Future reader of this letter, don’t feel harassed if you are an older intellectual man, with a long life of working in the field of art criticism. The historical source is totally mine. When I was a young women I wrote for the weekly news magazine De Groene Amsterdammer about theatre. Still unexperienced I had an utmost respect and admiration for the other journalists, knowing them as well informed thinkers with strong opinions. At that time I could not connect that image with my experience at a party: Those same men and women in a state of drunkenness singing tearjerkers and swinging from one side to the other as if in a setting of carnival.

Me, my colleagues of De Groene and of the monthly for professionals in theatre, Toneel Theatraal, my other publication medium, and most other critics in those years – the eighties – believed our work was essential. We held ourselves for influential. And perhaps we were in a certain way. The way we organised our practice was natural.

I took the initiative to create the Domain of Art Criticism in 2004 when working under the roof of Theatre Institute Nederland, which is a library and expertise center in one. In 2006 Domein became independent, though until their closing in 2013 (government cuts on art), the Theatre Institute paid for my work. Art criticism was then internationally seen as in crisis. The position and practice of the critic was not as natural anymore as before. I never believed in this crisis. The establishment of Domein voor Kunstkritiek was based on the realisation that the existing format of art criticism was no longer ‘fit for purpose’ and needed recalibration. The format was developed two centuries ago, in a period characterised by nation-state thinking, the rise of mass media, a bourgeois middle class, a still-cautious culture industry (books, concerts and exhibitions in the new national museums) and the desire of the elite to educate ‘the people’ through art or bring about a revolutionary class consciousness. In the digital, global culture of the twenty-first century, this format has become an anachronism. The traditional critic who writes reviews for professional journals or newspapers, earns a living from commissioned work, works at a university or as a (freelance) professional in the culture sector, is like the last of the Mohicans.

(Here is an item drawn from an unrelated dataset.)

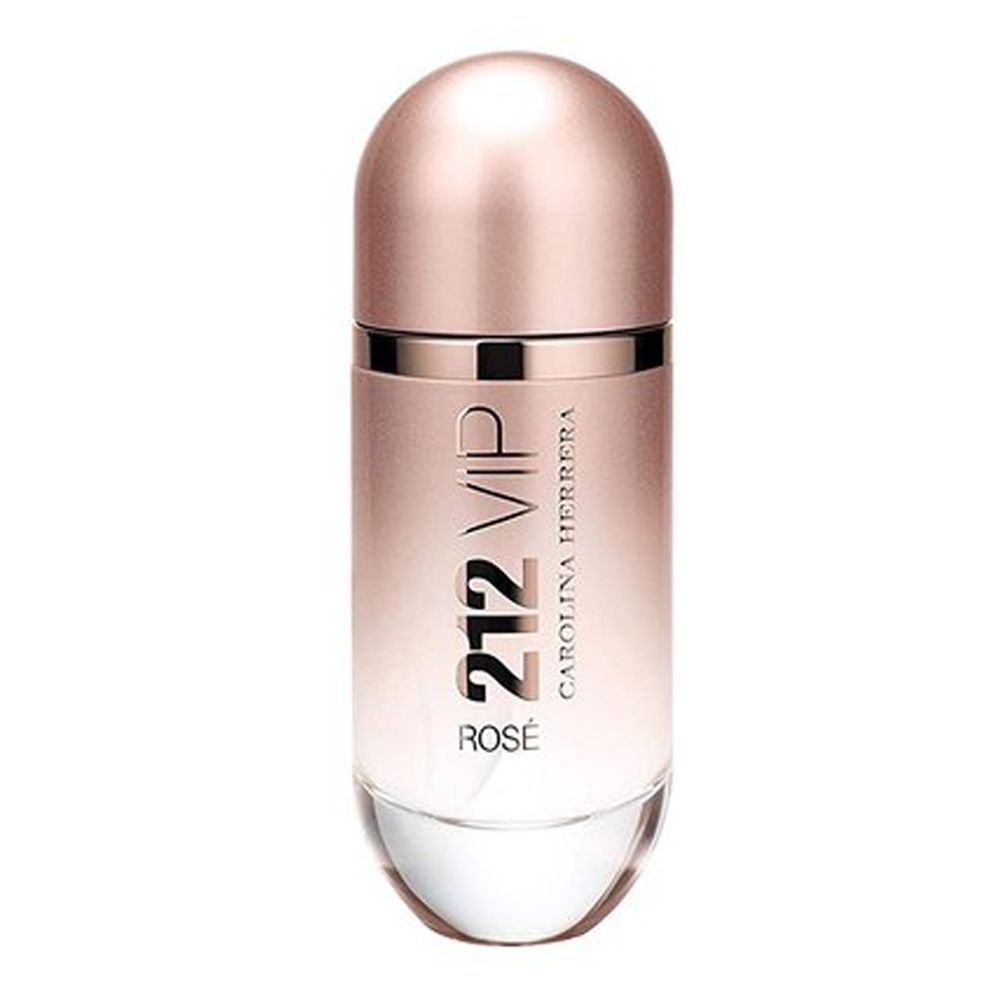 Carolina Herrera 212 Vip Rose Nyc, Eau De Parfum, For Women, 80ml - Main Image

And so here they came, right into my dreams. And showed their true faces, the ones of the Mohicans who are not able to deal with your dangerous idea, shared by me, of the dispensability of art criticism. We had lots of formal and informal talks with them, until we decided to neglect them. Happily your Magnus William-Olsson and my masters are of a different kind. Thanks to them, other people of my generation (1952) and new generations engaged with the future of art criticism, we can be ‘bold’, as you write, in keep on spreading the beauty of the act of reflection on art.

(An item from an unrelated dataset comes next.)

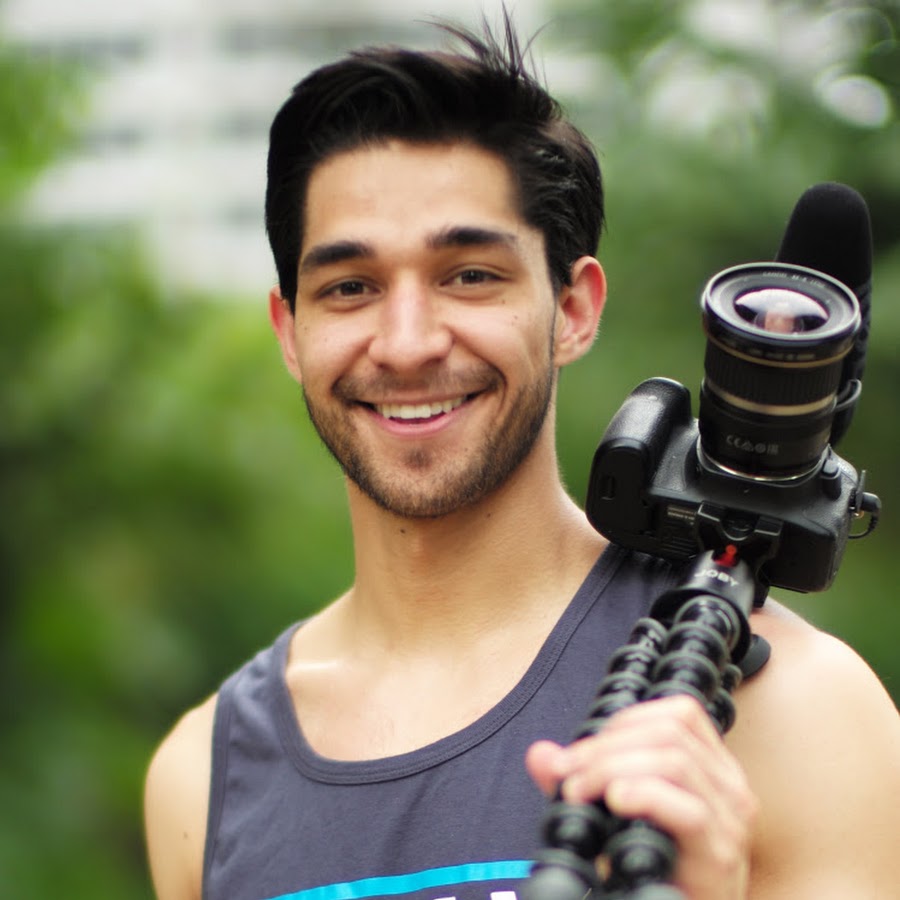 Wil Dasovich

Behind my laptop – I am writing this letter sitting on my dinner table in the living room – handwritten printing papers call my attention. Thursday the 19th of April, Domein voor Kunstkritiek, the Institute of Network Cultures and our partners will present our brand new How To Digital Art Criticism, together with a debate about the democratization of criticism. I draw the outline for the program.  To prevent miscommunication about something complex as ‘the democratization of criticism’, during the preparations and the debate itself, I forced myself to define our frame of thinking. This is what I wrote down: “We see art as the product of a culture – or may better ‘cultures’. As part of culture it has a value in which everyone should be able to share. Art manifests what is happening in a society and does proposals for the future. Therefore a common valuation of art should belong to the basics of every society. If not only for ethical, moral or political reasons, then for the reason of giving people the chance to think and talk about the art they experience in their communities. (You find this idea too in the application for our hopefully common European project for the next years). The question on 19 April will be: how to develop the idea of democratization in a workable practice.

While writing you this, I realise how idealistic a lot of our proposals for new forms (collected in the how-to) and democratization are. Coming to the question that seems always the last one in our circles: how to be able to get money out of the work as a critic, whatever the role you take. Kritiklabbet worked on two tracks in this. Track one: make criticism read to a greater extent and entice traditional media to start paying adequately. Track two: if the world is in need of criticism, the reader should pay for it. What possibilities came out of your actions?

One of the issues in November in Amsterdam was the question how to make art criticism more inclusive. It is certainly an issue in the work of Domein voor Kunstkritiek. I used this first letter to introduce myself and Domein voor Kunstkritiek a little bit (ah, here the future reader looks over my shoulder). So I postpone writing about our experiences in this. In the meantime:  You told me about an experiment in which young fugitives valued the literature, written by the generation that came to Sweden earlier. With the help of Google Translate I tried to find information about this experiment, but I could not find it.  I can’t remember from which country those fugitives came. My question: can the Kritiklabbet experiment become a regular practice in Sweden or elsewhere?

Morning became afternoon. I print this out and mail it.

Yours sincerely,

Sonja van der Valk

Stockholm, 17 April 2018

Dear Sonja,

I can catch my breath now after some busy days. I have been looking forward to resuming our conversation. I was in Paris, and then the entire Kritiklabbet crew was at Supermarket, an art fair for artists’ run galleries, here in Stockholm. For five days we live-produced, and distributed, a newspaper with participant criticism. It was crazy. A fair is exhausting after two hours. Five whole days is punishing. I think half of us are ill now, but I am still standing. There was some hint of spring coming to Stockholm, but as we were inside we could not see much of it. It is in any case very late, the spring. Quite rudely late. But hopefully it is warm when you come here in June.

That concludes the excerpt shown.